[What is needed]
Copy each line, word for word, from the one with "ALTERA LA VITA" through the final line of the listing, but skip the pictures.

[Given data]
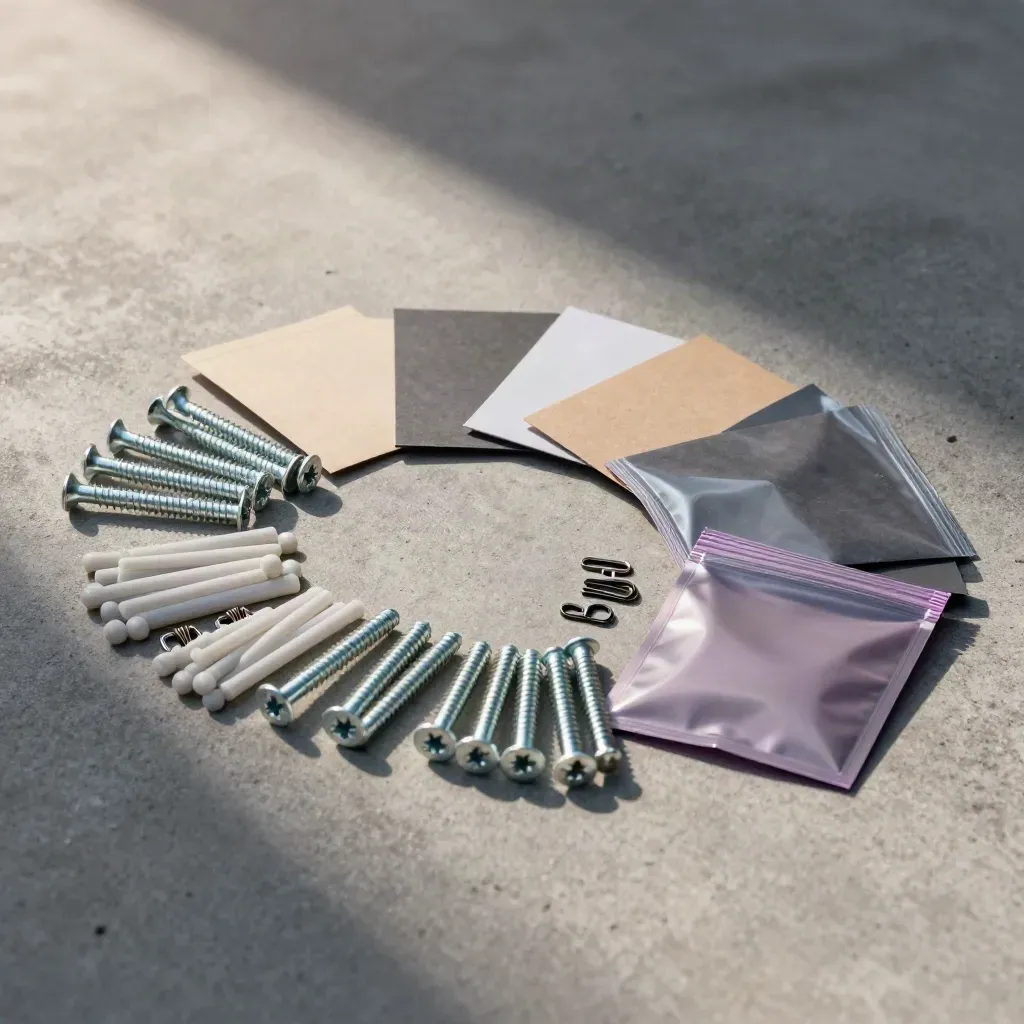 Weekend repair bundle of screws, clips, spacers and pouches on concrete, softly lit in premium style.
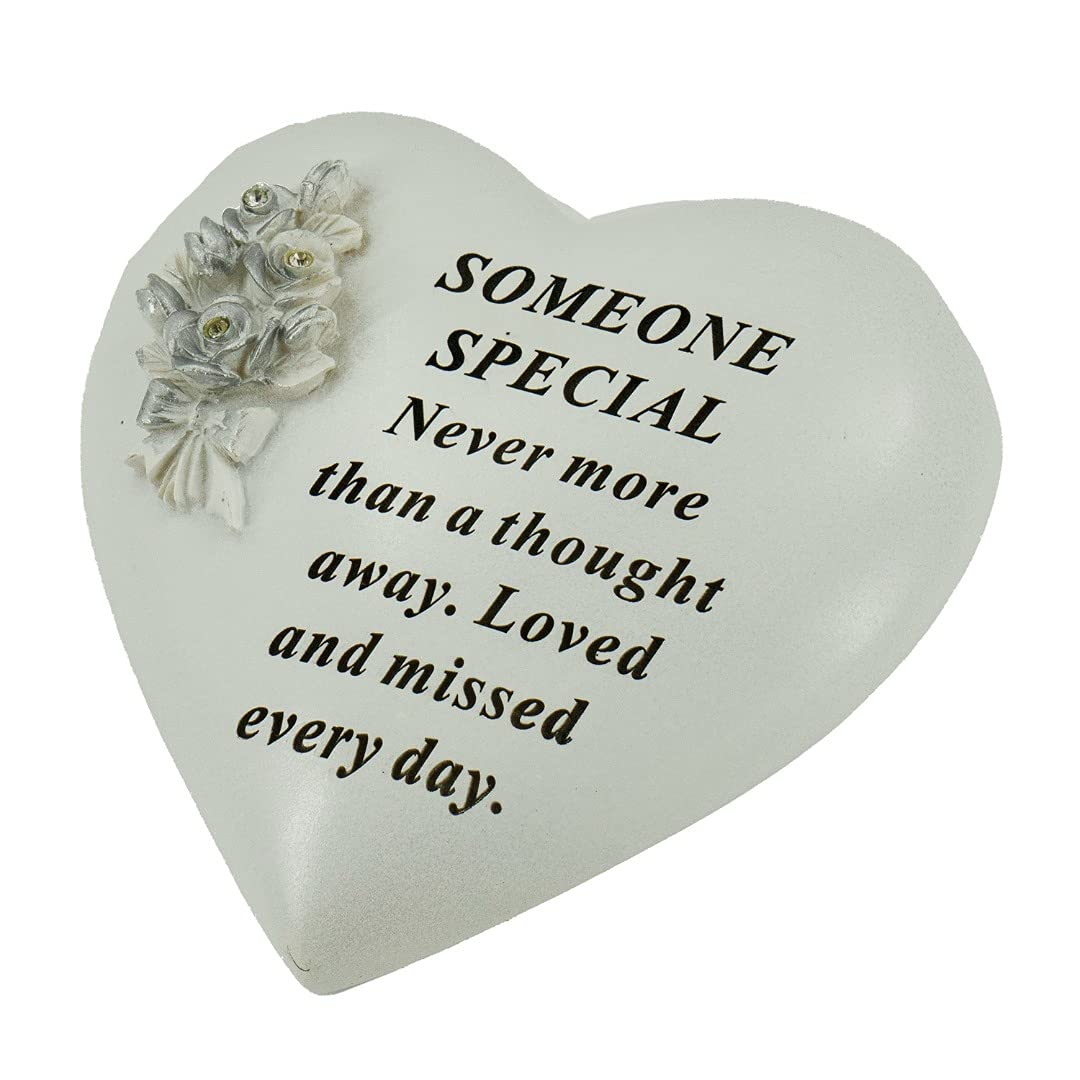 Angravememorials White Someone Special Graveside Memorial Rose Heart Grave Plaque Ornament Decoration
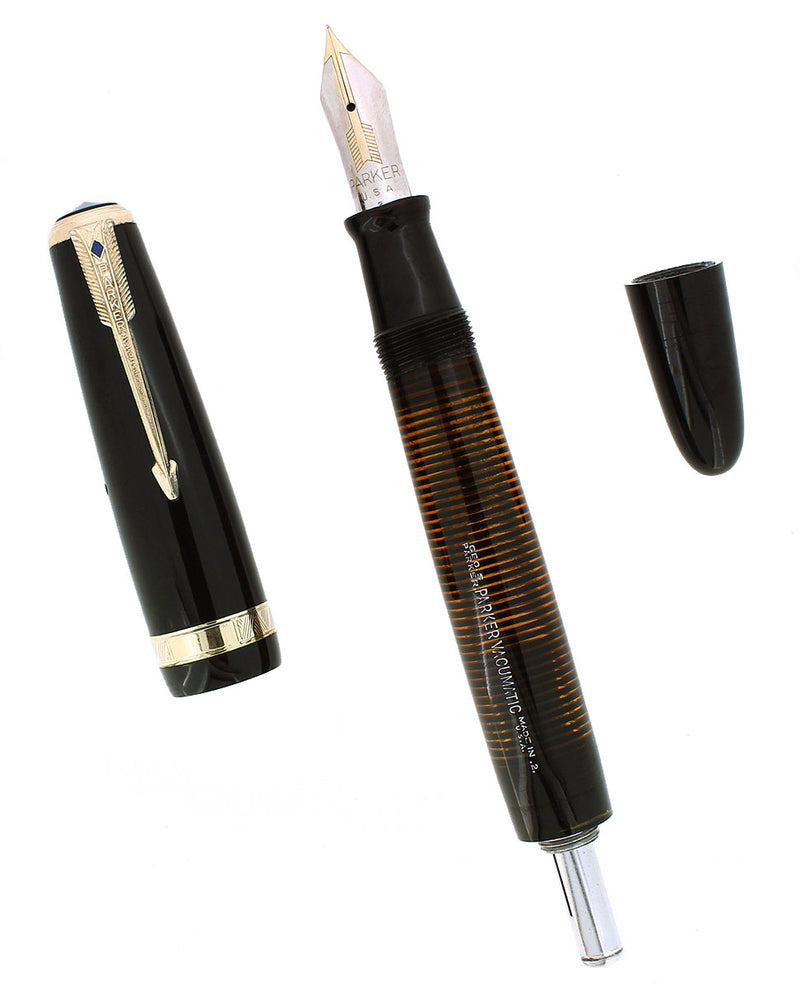1942 PARKER VACUMATIC SENIOR MAXIMA JET BLACK SINGLE JEWEL FOUNTAIN PEN RESTORED OFFERED BY ANTIQUE DIGGER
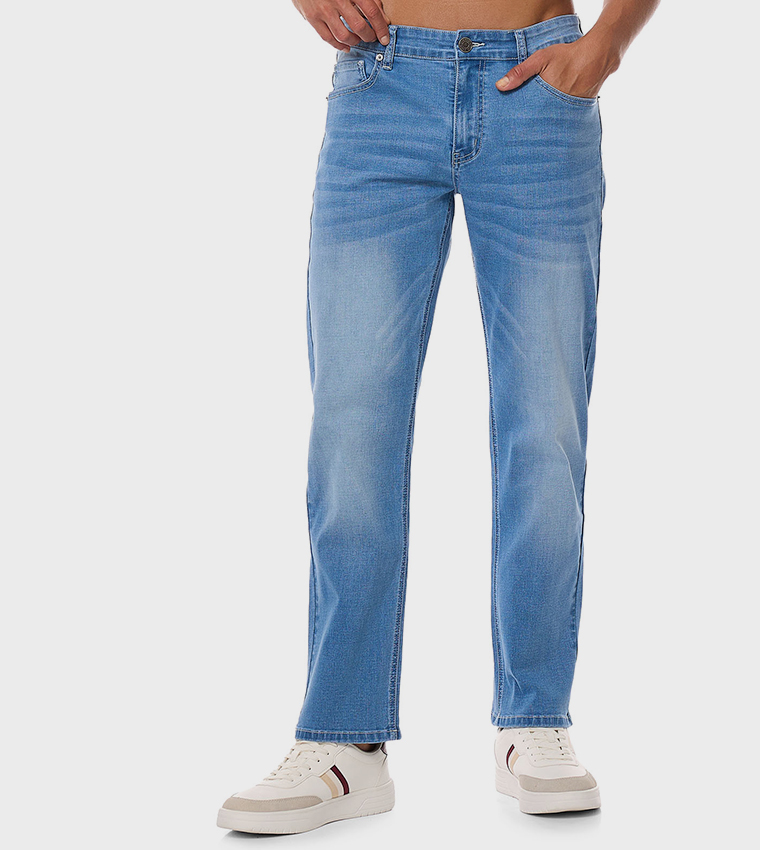 【新品】ARMANI JEANS マフラーBLUE男子♤女性 女士微弹宽松长款直筒纯色休闲裤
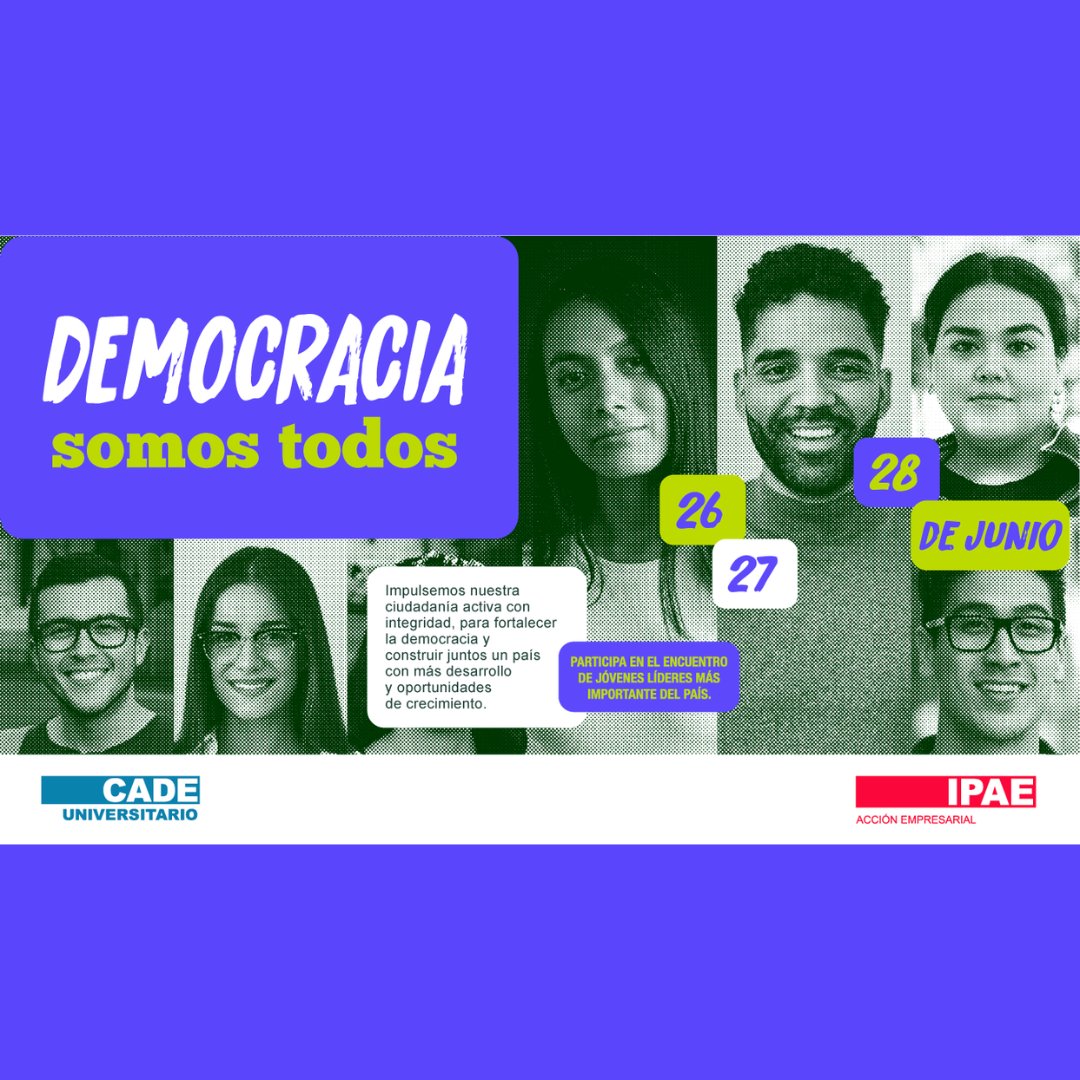 Altamaro's tweet image. ¡Mibanco Perú vuelve a #CADEuniversitario 2024! +500 jóvenes reflexionarán sobre la realidad nacional y promoverán una ciudadanía activa con integridad y oportunidades para todos los peruanos. Más detalles del evento aquí: ipae.pe/cade-universit…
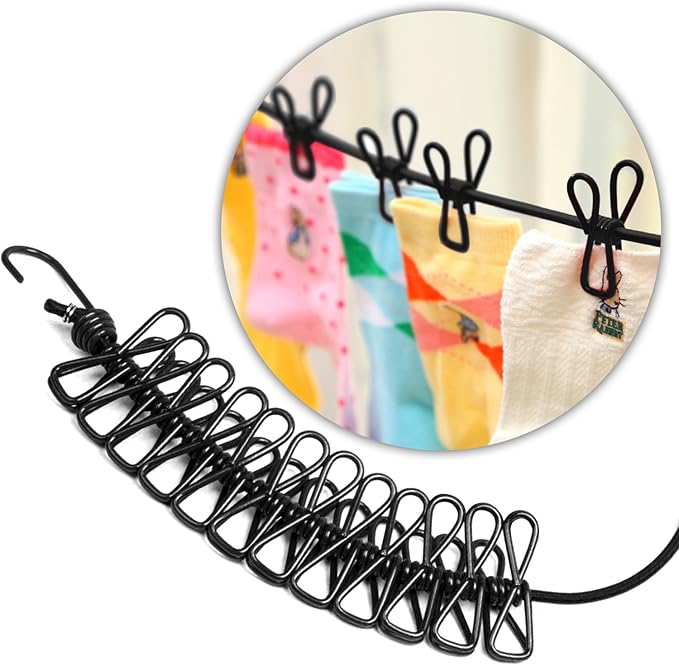 ALTERA LA VITA Camping-Wäscheleine Mit Klammern - 2 Stück 180-360cm In Aufbewahrungstasche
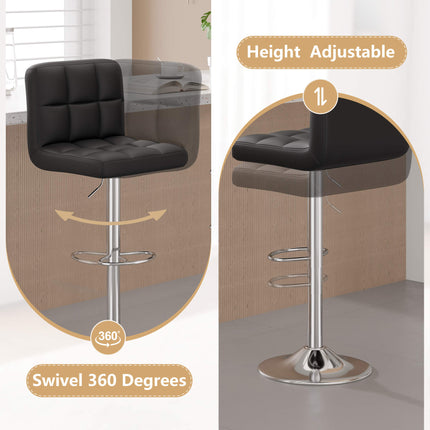 Modern PU Leather Adjustable Bar Stools Set of 2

[Final answer]
 ALTERA LA VITA Camping-Wäscheleine Mit Klammern - 2 Stück 180-360cm In Aufbewahrungstasche
 Modern PU Leather Adjustable Bar Stools Set of 2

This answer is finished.